Together the 3 of us have shared the joy of working on Arbit Choudhury – The worlds first MBA comic character. We created Arbit Choudhury when we lived in the same campus, but post our MBA, we went on to join demanding jobs which took us to different parts of the world.
Gmail helped us stay in touch and seamlessly coordinate all our work and allied activities. A majority of our online communication, brainstorming and discussions shifted to Gmail, besides instant messengers. And when Gmail integrated a chat with mail, we gave up other messengers and migrated “full time” to Gmail. Amongst the three of us, conversations have been exchanged across 3 Continents (Asia, Europe and North America); 8 countries (India, Switzerland, UAE, UK, USA, Mauritius, Malaysia & Thailand) and 20 cities (Mumbai, Pune, Hyderabad, Bangalore, Chennai, Bilaspur, Baroda, Bhopal, Geneva, Lucerne, Zurich, London, Norwich, Kuala Lumpur, Kuwait, Dubai, Baltimore, Jersey City, Bangkok, Pattaya) over the last 3 years.
Arbit Choudhury comic strips are released every 15 days and all communication on this has been happening through Gmail over the last 3 years. Each comic idea is evaluated by 3 of us first and a panel formed out of 20-25 friends before it enters our ‘idea bank’.
Thereafter Shubham creates the pencil sketch, scans it and sends it by Gmail; and then refines the sketch based on feedback. Once the pencil sketch is finalized, Hemant colors it using an imaging tool and the final ‘comic’ again goes through a feedback routing on Gmail. Finally, the mail-text accompanying the comic also goes through a similar loop of discussions on Gmail, before the comic gets released to our mailing list.
Till date, over 100 comic strips (and emails) have been discussed, finalized and quality checks done through Gmail. In fact, in all our GMail boxes the labels around ‘Arbit’ are by far the heaviest.
Besides Gmail; allied services of Google are also used for ‘Arbit activities’; discussing Arbit plans on GChat, scheduling Arbit activities (like website backups) on Google Calender, simultaneously working on shared documents on Google Documents (previously Writely) etc.
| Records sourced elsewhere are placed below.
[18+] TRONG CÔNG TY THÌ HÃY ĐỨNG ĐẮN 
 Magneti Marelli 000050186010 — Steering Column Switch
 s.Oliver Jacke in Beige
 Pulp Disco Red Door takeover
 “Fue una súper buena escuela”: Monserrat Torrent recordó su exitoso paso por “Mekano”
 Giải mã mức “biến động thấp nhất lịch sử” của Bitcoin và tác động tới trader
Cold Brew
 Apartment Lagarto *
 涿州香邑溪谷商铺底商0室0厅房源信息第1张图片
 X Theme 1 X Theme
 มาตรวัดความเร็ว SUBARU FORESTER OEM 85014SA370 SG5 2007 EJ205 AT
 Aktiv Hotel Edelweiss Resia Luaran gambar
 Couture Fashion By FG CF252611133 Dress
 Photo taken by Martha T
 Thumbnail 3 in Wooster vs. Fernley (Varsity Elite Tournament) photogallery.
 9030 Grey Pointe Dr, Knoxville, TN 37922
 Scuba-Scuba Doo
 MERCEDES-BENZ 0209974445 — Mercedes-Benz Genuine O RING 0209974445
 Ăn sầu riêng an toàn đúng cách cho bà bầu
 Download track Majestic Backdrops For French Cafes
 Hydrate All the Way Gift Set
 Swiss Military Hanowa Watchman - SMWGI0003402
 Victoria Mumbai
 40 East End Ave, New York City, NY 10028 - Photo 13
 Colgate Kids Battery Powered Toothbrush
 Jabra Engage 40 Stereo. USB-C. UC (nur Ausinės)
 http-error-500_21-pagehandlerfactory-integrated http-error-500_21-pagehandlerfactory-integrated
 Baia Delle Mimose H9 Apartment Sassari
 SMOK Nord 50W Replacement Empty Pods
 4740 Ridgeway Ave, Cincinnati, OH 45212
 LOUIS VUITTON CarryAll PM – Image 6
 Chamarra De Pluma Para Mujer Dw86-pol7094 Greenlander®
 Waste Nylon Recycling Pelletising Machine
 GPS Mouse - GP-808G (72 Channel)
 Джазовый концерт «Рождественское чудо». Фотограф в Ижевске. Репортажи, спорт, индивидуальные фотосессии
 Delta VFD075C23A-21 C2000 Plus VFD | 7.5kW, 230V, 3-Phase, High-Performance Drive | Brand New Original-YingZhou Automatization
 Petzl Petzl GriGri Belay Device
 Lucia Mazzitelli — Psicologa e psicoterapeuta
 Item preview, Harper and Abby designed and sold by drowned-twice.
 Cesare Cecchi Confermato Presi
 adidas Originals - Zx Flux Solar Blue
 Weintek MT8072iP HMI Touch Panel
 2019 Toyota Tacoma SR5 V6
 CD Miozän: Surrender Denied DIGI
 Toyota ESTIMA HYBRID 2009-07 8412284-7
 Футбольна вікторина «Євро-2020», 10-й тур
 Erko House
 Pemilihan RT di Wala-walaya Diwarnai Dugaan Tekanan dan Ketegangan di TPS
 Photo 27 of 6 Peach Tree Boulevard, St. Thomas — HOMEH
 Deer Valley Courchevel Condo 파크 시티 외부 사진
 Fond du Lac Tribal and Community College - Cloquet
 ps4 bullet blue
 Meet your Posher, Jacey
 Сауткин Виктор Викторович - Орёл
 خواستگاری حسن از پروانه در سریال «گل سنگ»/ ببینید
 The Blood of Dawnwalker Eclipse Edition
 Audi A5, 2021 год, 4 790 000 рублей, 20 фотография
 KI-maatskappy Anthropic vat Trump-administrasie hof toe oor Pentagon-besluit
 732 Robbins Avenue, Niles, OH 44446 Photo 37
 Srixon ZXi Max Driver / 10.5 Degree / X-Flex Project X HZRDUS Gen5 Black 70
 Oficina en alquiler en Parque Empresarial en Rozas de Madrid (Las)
GMail has frankly been the life blood of Arbit e-volution over the last 3 years. Today it is also playing a similar role while we are dreaming of our own start-up. It is the nerve centre of all out ideas, brainstorming and discussions. For us, Gmail, along with the allied services, proved to an ultimate collaborative tool to work on.
The extent of our dependence on GMail and it's related services was best summed up by Hemant, when he blogged about it in his own inimitable style, stating that our daily routines begin with "Google before Gargle". Also, it become apparent when Nikhil commented once that if someone wants to know us, he/she should read through our Gmail.
We believe that today, GMail has virtually reached the pedestal of the best e-mail service in the world. It has done so not by simply meeting customer expectations, but by giving them something they never imagined in their wildest dreams. And by doing this, it has left all competition playing a hopeless catch-up game. With all the wonderful innovations Google has brought so far, it has also raised the bar for itself in the future. Google users will continue to expect such extra-ordinary innovations in the future too. And we have no doubt they will succeed.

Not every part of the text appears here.